Congressional panel explores legalizing online gambling

Dec 4, 2009 7:10 PM
by GT Staff | The House Financial Services Committee on Thursday conducted a hearing on Internet gambling, which included a number of expert witnesses generally friendly toward legalizing online gambling.

Testimony also included a new study from Harvard University, which indicated that U.S. regulation of Internet gambling would be the most effective way to protect consumers, particularly children and problem gamblers.

The Committee’s chairman, Barney Frank, has been an advocate of legalizing online gambling, and he’s introduced legislation that would regulate Internet gambling rather than banning it entirely.

A 2006 law banned Internet gambling and also barred financial institutions from accepting payments from credit cards, checks or electronic fund transfers to settle online gambling bets. That law, which was scheduled to go into effect on Dec. 1, was postponed for six months to allow regulators and financial institutions time to further study how to implement it.

Many of the witnesses yesterday testified that the best way to control Internet gambling is to legalize it, which will allow officials to license, regulate and tax online gaming.

"If online gambling sites are regulated and licensed, we know who they are," said Parry Aftab of the Web safety group WiredSafety.
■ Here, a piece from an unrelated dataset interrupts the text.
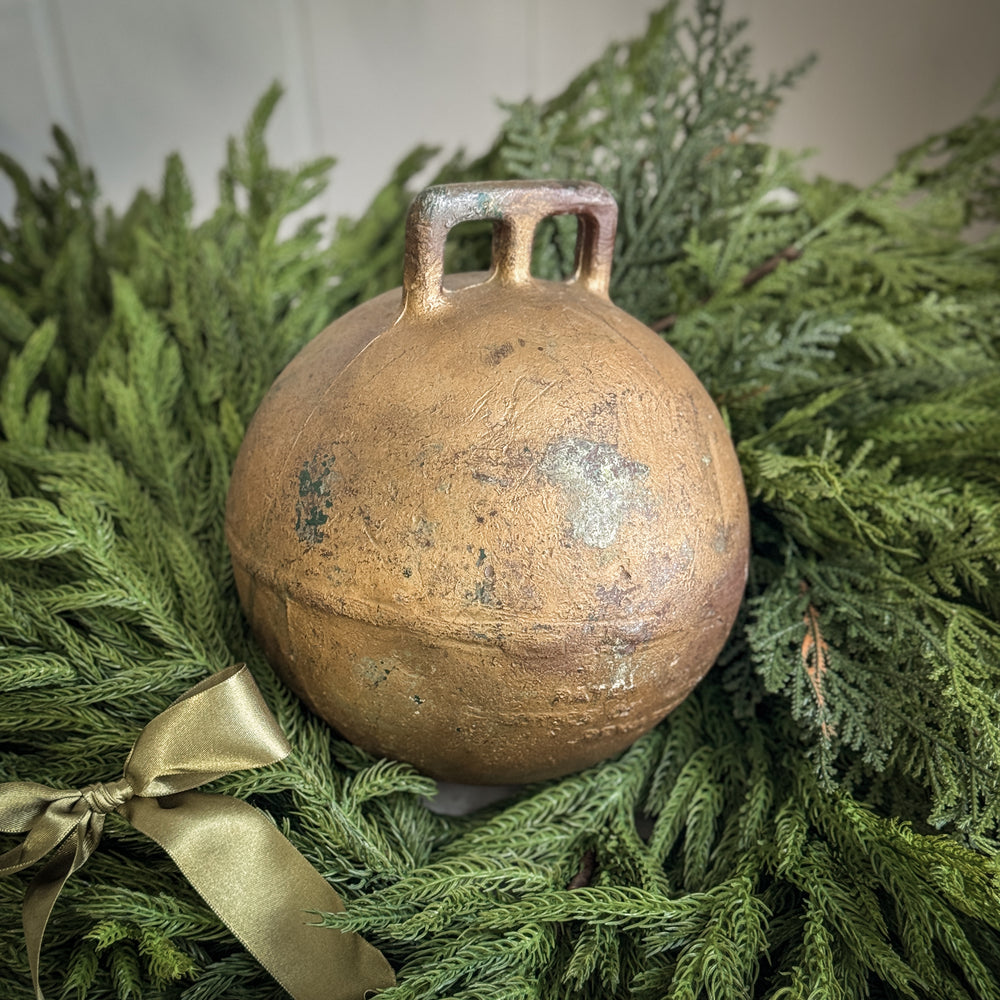 Vintage gold metal fishing float.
But Financial Services ranking member Spencer Bachus, who opposes Frank’s legislation, said the tax benefits from legalizing online gambling would be undermined by the potential harm to the nation’s youth.

Noting that online gaming will still occur whether it’s legal or not, Aftab said bringing sites under legal scrutiny and encouraging education and parental control provide better approaches to the problem.

Witnesses also discussed the best regulatory regimes to follow if the United States were to enact legislation legalizing Internet gambling. Keith Whyte of the National Council on Problem Gambling, said Britain might offer one model. It has had an Internet gambling regulatory regime in place for several years, adding that addiction rates have not changed significantly there, he said.

The 90-minute hearing ended, as is typical in Washington, D.C., with no action taken, with Chairman Frank noting the Committee would resume discussion on Internet gambling next year.

So far, there’s been no markup of Frank’s bill to legalize and regulate Internet gambling.